SUMMARY OF THE INVENTION

One embodiment is to provide a solid electrolyte that can improve water stability without deteriorating ion conductivity and battery performance.

Another embodiment is to provide a manufacturing method of the solid electrolyte.

Another embodiment is to provide an all-solid-state battery including the solid electrolyte.

One embodiment provides a solid electrolyte, comprising:

• • a sulfur compound represented by Chemical Formula 1 below and contains B in an amount of 10 ppm to 100,000 ppm.

Li_7-xPS_6-xCl_1-yBr_y  [Chemical Formula 1]

(In the Chemical Formula 1, 1<x<2, 0≤y<1)

The solid electrolyte is represented by Chemical Formula 2.

Li_7-xPS_6-xB_zCl_1-yBr_yO_3/2z  [Chemical Formula 2]

(In the Chemical Formula 2, 1<x<2, 0≤y<1, and 0<z≤0.5).

The B content is 1,000 ppm to 100,000 ppm.

The solid electrolyte is of the argyrodite type.

Another embodiment provides a manufacturing method for solid electrolyte, comprising:

• • preparing a mixture by mixing a compound containing lithium-containing sulfide, P and S-containing sulfide, CI-containing compound and B-containing compound; producing a pellet by compressing the mixture; and heat treating the pellet, wherein, the B-containing compound is H₃BO₃, Li₃BO₃, BBr₃, BCl₃ or a combination thereof.

The mixing is carried out at a speed of 100 rpm to 2,000 rpm.

The compression is carried out under a pressure of 100 MPa to 500 MPa.
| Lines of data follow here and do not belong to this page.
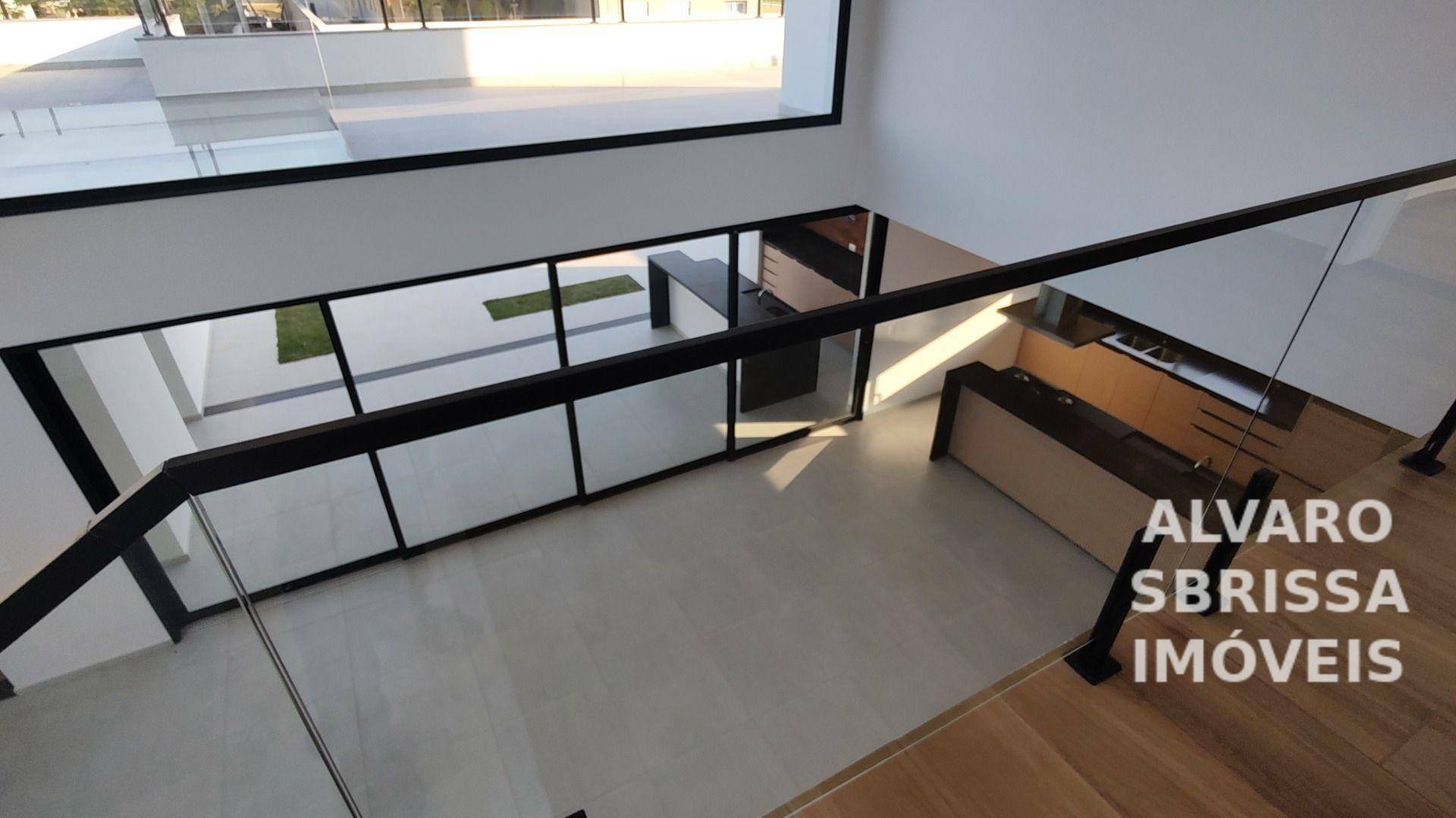 Casa à venda com 4 quartos, 330m² - Foto 20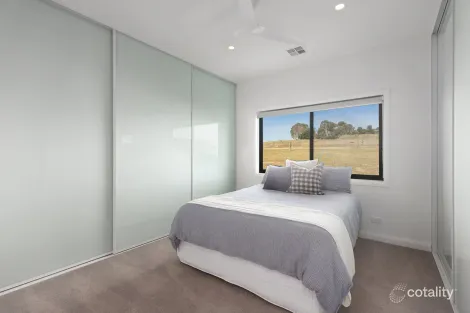 Property photo of 6 Kanangra Close Murrumbateman NSW 2582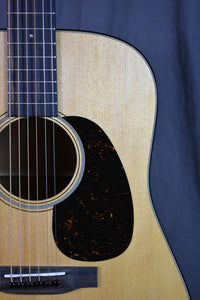 Martin D-18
The heat treatment process is carried out at 400° C. to 600° C.

Another embodiment provides an all-solid-state battery including a negative electrode positive electrode and the solid electrolyte positioned between the negative electrode and the positive electrode.

The solid electrolyte according to one embodiment can exhibit excellent output characteristic and cycle-life characteristic of the all-solid battery.
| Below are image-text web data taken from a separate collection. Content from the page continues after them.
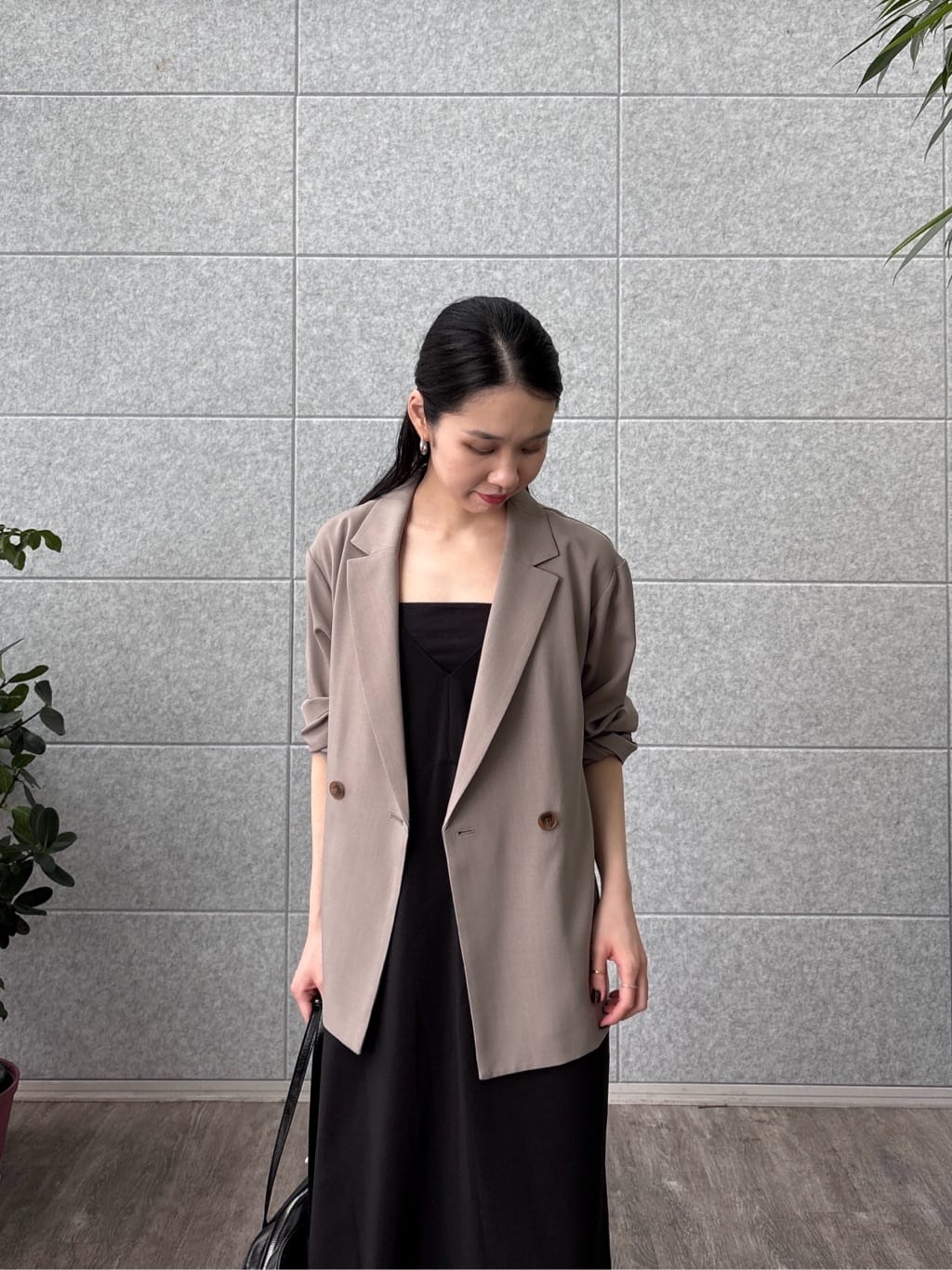 ひなさんの「INDIVI｜タイトフレアキャミドレス」を使ったコーディネート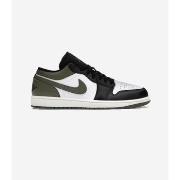 Kengät Nike  Jordan 1 Low Black Toe Medium Olive  42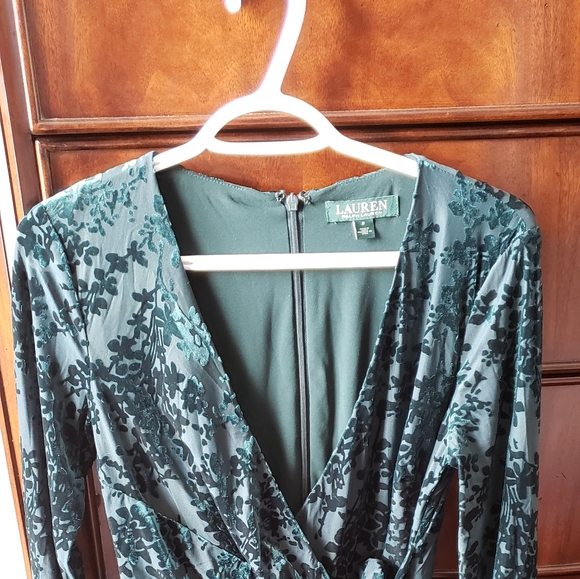 Ralph Lauren dress - Picture 2 of 8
DETAILED DESCRIPTION OF THE EMBODIMENTS

Hereinafter, embodiments of the present invention will be described in detail. However, this is presented as an example, and the present invention is not limited thereby, and the present invention is only defined by the scope of claims described later.

Unless otherwise stated in this specification, it will be understood that when an element such as a layer, film, region, or substrate is referred to as being “on” another element, it can be directly on the other element or intervening elements may also be present.

In addition, unless otherwise specified, % means wt %, and 1 ppm is 0.0001 wt %.

The solid electrolyte according to one embodiment may include a compound represented by Chemical Formula 1 below.

Li_7-xPS_6-xCl_1-yBr_y  [Chemical Formula 1]

(In the Chemical Formula 1, 1<x<2, 0≤y<1)

The solid electrolyte contains B, wherein the B content may be 10 ppm to 100,000 ppm, or 1,000 ppm to 100,000 ppm. When the B content is included in the range, it is possible to reduce the amount of H₂S gas generated during charging and discharging of the all-solid-state battery using the same, and to improve the cycle-life characteristic.

As such, the solid electrolyte containing B may be expressed by Chemical Formula 2 below.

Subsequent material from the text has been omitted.